Thursday, June 12, 2008
Yellow curb. Means park somewhere else.
Looking for a free lunch, perfect pitch, the holy grail, or a parking spot in front of the courthouse, which for this truck means a 35 foot slot in the lineup.
Not only are they parked on yellow, aCROSS from the sheriff's office, they hadn't the decency to close up the gaps. Between every bumper and fender ekes a tantalizing 30 feet, as if they only had so many cars to lock up all the parallel spots so they had to space em out.
Ever since the arraignment for one Charles Haught, middle-aged life drop-out, rapist and murderer of one Wesley Campbridge, seven year-old, ever since every mobile news unit from three surrounding counties had converged and taken up residence in front of Bourbon County Circuit Courthouse, people had ceased fudging the customary ten to fifteen feet of yellow, and now strung all the way across it in the spirit of the old adage about forgiveness and permission.
If Action News 36 can do it, well by George. . .
In my mind I know it's 9:43 and in my DIAD are 8 uncompleted 10:30 commit stops, two of them bulk, and one of them across town.
Without looking, I sense a looming diesel presence in the fold-out sideview mirror, the same white Ford dualy that's been dogging me from 10th Street, edging out from behind just enough to make sure I know he wants around.
Knock yourself out, sweetheart. F'you can fit that monster in between my mirror and the half-lane that's left, you're more driver than I am. No doubt he thinks he is. More to the point, no doubt he's been cussin me all the way down Main since I pulled in front of him.
Had to cut somebody off.
Watched twenty cars amble by with that same maddening gap precision.
Twenty cars, a minute-and-a-half I ain't got.
The second I nosed out into traffic, he ghosted up to my bumper so close I could see the Ford oval on his grill in my rear camera monitor.
Yeah, now you're in a hurry.
I can see his mouth moving, so I put words in it.
Fool kid, pull out in front of me, and some other words that normally I would never think, were I not forced into providing captions for his thought balloons.
It wouldn't bother me so much if I didn't feel just a little bit guilty. Guilt pressed in between time and stress oozes out looking like road rage.
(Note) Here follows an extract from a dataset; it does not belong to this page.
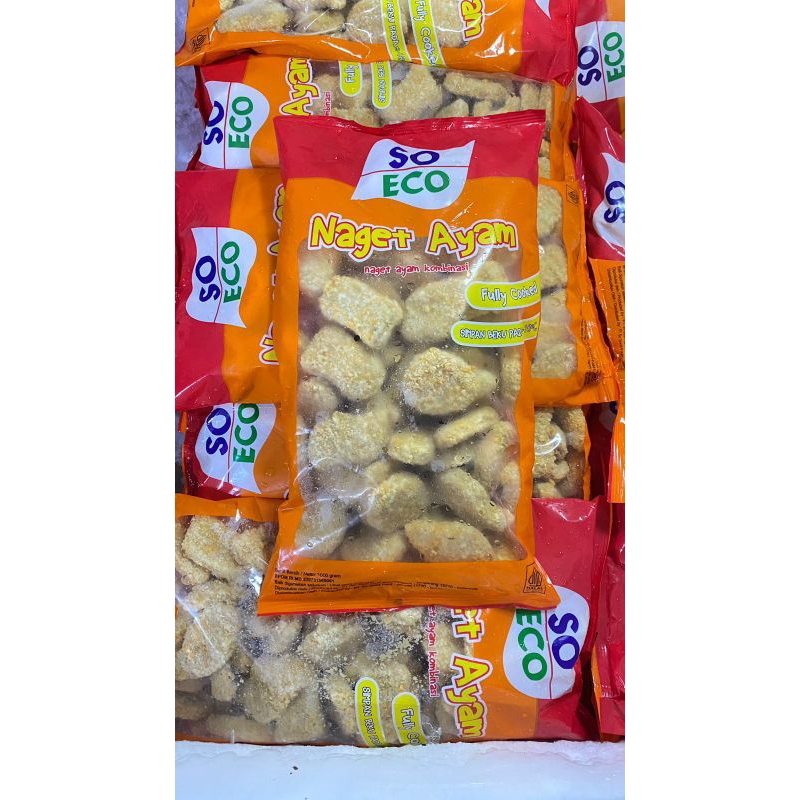 

So ECO NAGET AYAM 1KG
A blue Caravan with a bandaged rear window and a bumper just hanging on for dear life pulls away from the curb in front of me, at about the same time the Ford gets the four inches he's been wanting for ten blocks, and here he comes, loosening the reins of all 350 horses, and billowing acrimony from both 5 inch chrome horns.
The hapless grocery-getter dawdles on out in his lane.
He hauls up on the reins, the whistling downshift an automotive curse.
If I had time, I'd be laughing. Good thing I don't.
He's up even with me now, looking right at me, distilling all his frustration with the Caravan and the world in general into the last minute spent staring at the back of a delivery truck.
I can see his silent swearing indignance.
He's a mouth breather. Unfortunate orifice, that. The gaps in between the parked cars should be so wide.
Still, he manages to impart more scorn through his NASCAR shades and the bubbled tint than Estella ever cast down on Pip, Chillingworth on Rev. Dimmesdale, or the parabled Pharisee upon the publican.
Turning my attention to the vast expanse of gleaming yellow curb vacated by the departing Caravan, I cut as close as I can and then back, dimming the luminous paint with my rubbing tires.
The stop I need is half a block back.
Shoving the truck into park, I fall into a habitual series of movements, park, brake, key out, seatbelt off, mirror in, bulkhead door; a succession so varied but seamless, a truly Faulkneresque regimen.
Dodging strategically positioned and scarcely mobile redneck sidewalk ornaments, I finally make it to the intended destination, a lawyer's office, and pull hard on the door.
It's locked, and the jolt shakes the glassed-in front wall.
The over-cooked, under-worked (minesweeper?) secretary jerks around so suddenly that her desk chair becomes a tilt-a-whirl, and she steadies herself with a what on earth expression. (oh help, another mouth breather)
Sizing up the situation, she then laughs, slaps the desk so hard I can hear it out here, and puts her forehead down on her hand, big shoulders shaking.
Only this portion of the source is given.